[Data excerpt Boundary: Start]

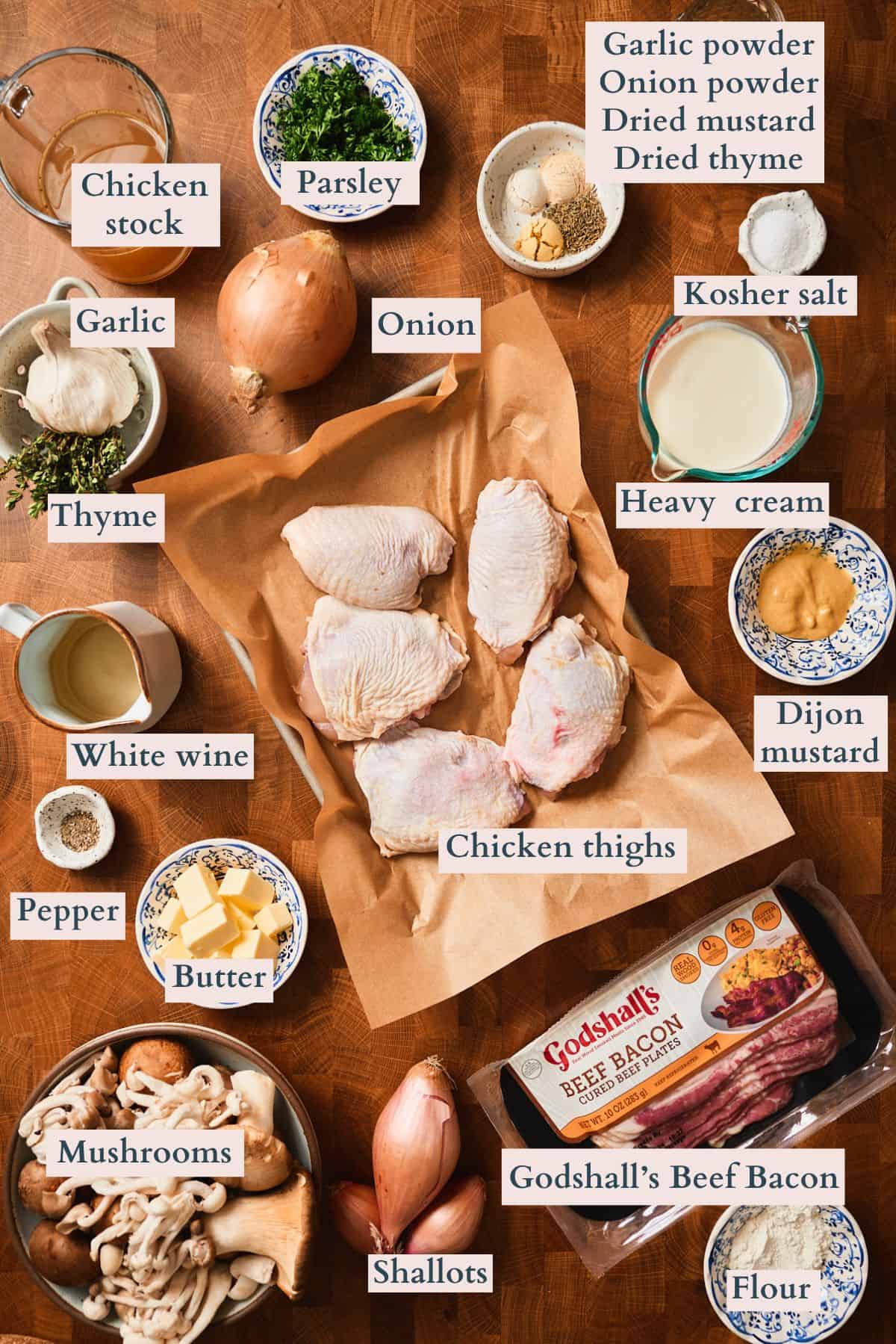 Labeled ingredients for creamy mushroom chicken thighs including chicken thighs, Godshall's beef bacon, mushrooms, heavy cream, and fresh herbs.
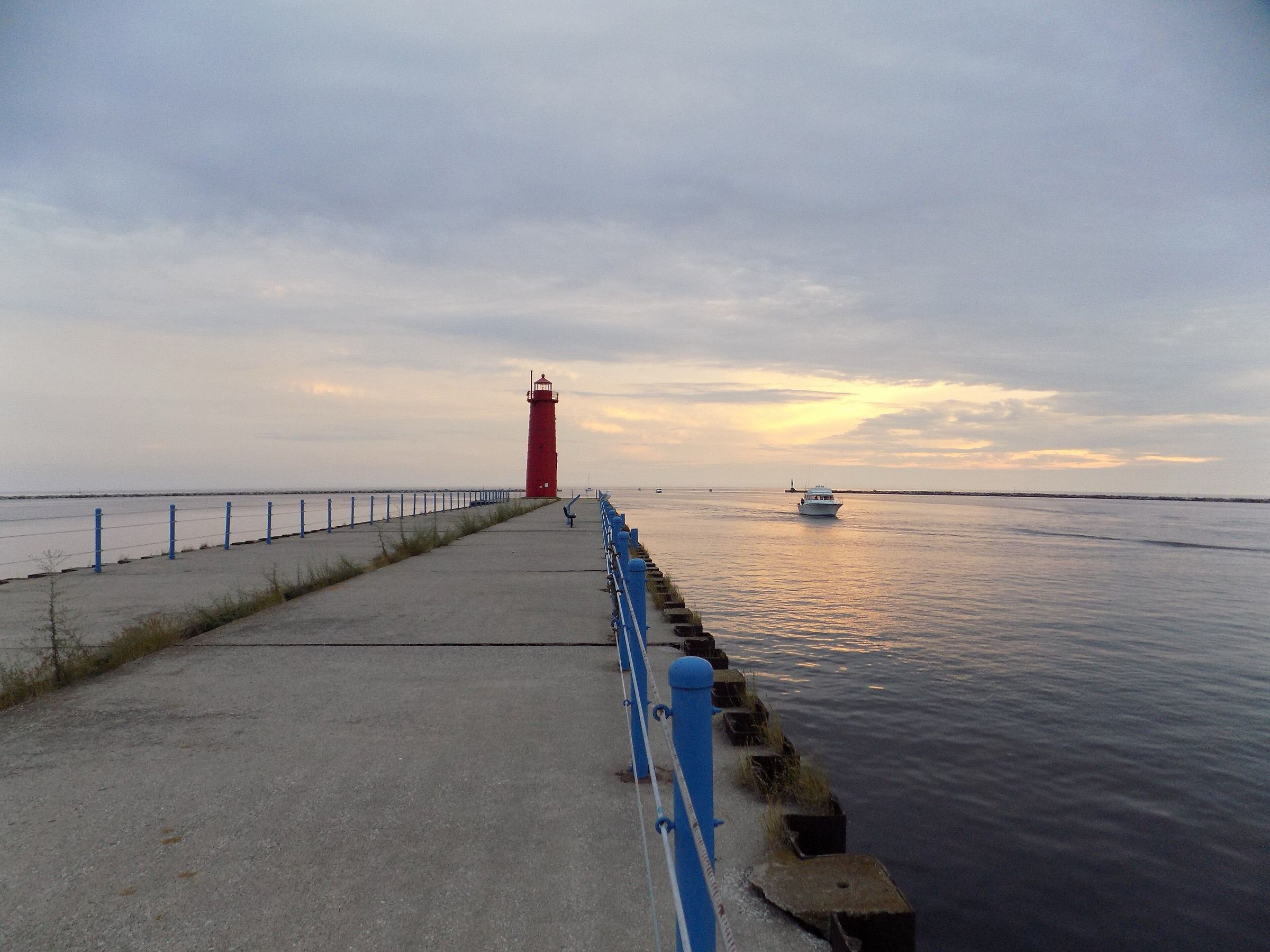 Muskegon pier and red lighthouse on Lake Michigan as a boat heads out at sunset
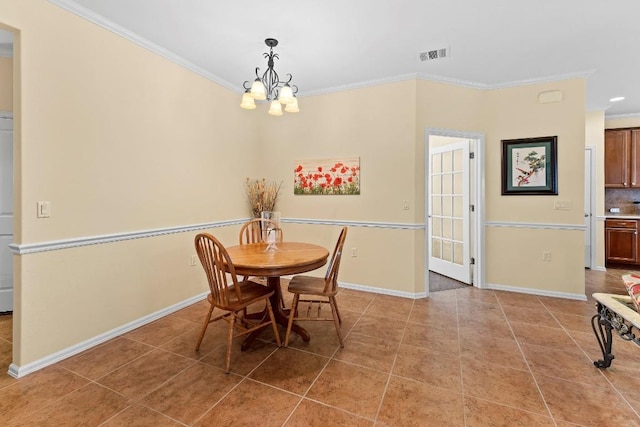 dining space featuring a notable chandelier, ornamental molding, and light tile patterned flooring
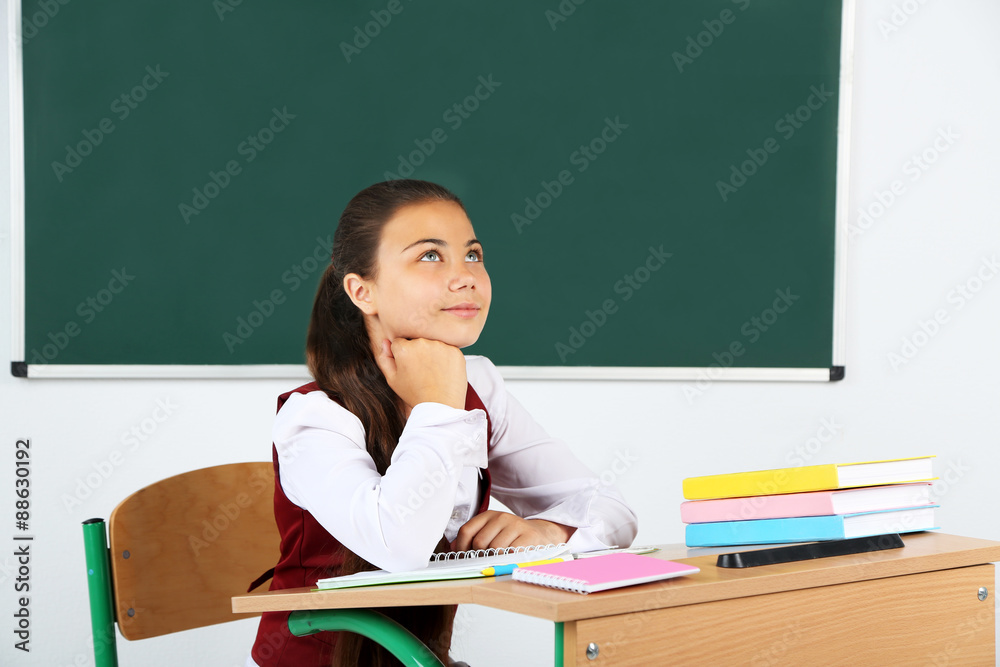 Beautiful little schoolgirl in classroom near blackboard Beautiful little schoolgirl in classroom near blackboard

[Data excerpt Boundary: End]

*Exercise requirements*
Leaving out the images, repeat the listing above exactly.

*Result*
 Labeled ingredients for creamy mushroom chicken thighs including chicken thighs, Godshall's beef bacon, mushrooms, heavy cream, and fresh herbs.
 Muskegon pier and red lighthouse on Lake Michigan as a boat heads out at sunset
 dining space featuring a notable chandelier, ornamental molding, and light tile patterned flooring
 Beautiful little schoolgirl in classroom near blackboard Beautiful little schoolgirl in classroom near blackboard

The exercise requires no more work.